INSTRUCTIONS FOR THE TASK: Repeat word for word the lines starting at the one with "Vast backyard featuring" and ending at the final line of the material, both ends included; omit pictures.

SOURCE RECORDS:
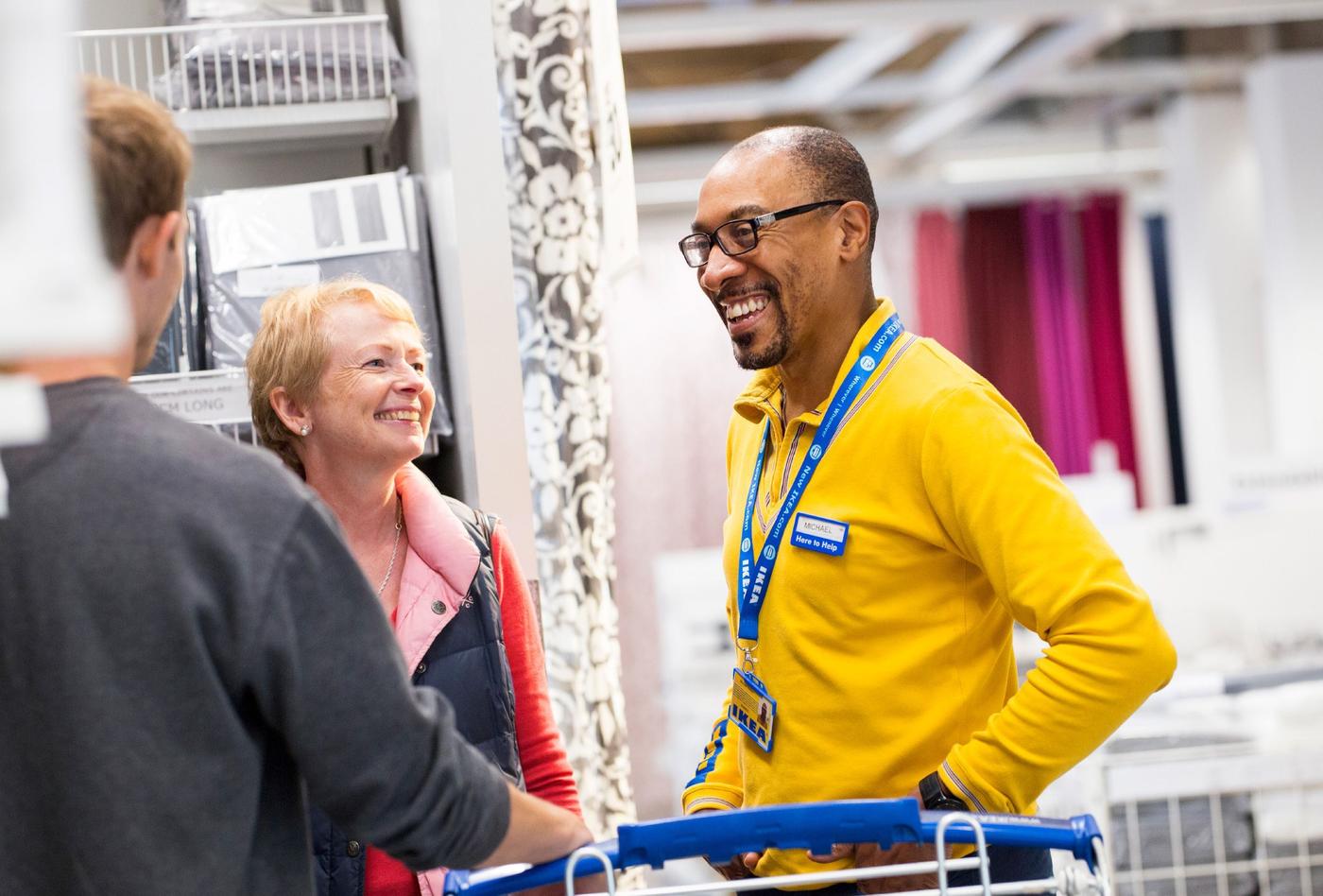 An IKEA co-worker wearing a yellow shirt talks with customers inside an IKEA store.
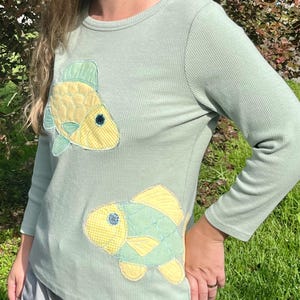 May include: A light green long-sleeve shirt with two fish appliqués. The fish are yellow and green with blue accents, and are made of patterned fabric. The shirt has a ribbed texture.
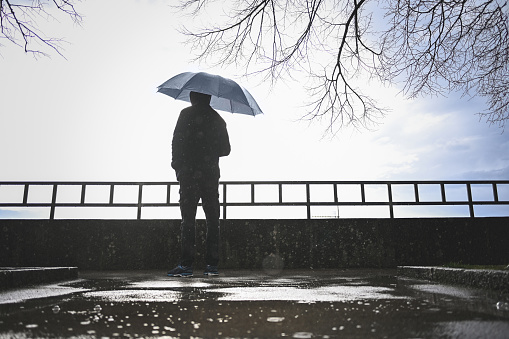 rear view portrait of a man standing under the rain and looking away.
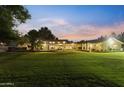 Vast backyard featuring lush green lawn, warm lighting, and a spacious patio area at 2106 E La Vieve Ln, Tempe, AZ 85284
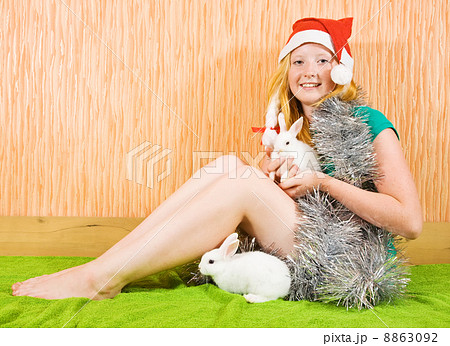 girl in new year decoration with rabbits 8863092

TASK SOLUTION:
 Vast backyard featuring lush green lawn, warm lighting, and a spacious patio area at 2106 E La Vieve Ln, Tempe, AZ 85284
 girl in new year decoration with rabbits 8863092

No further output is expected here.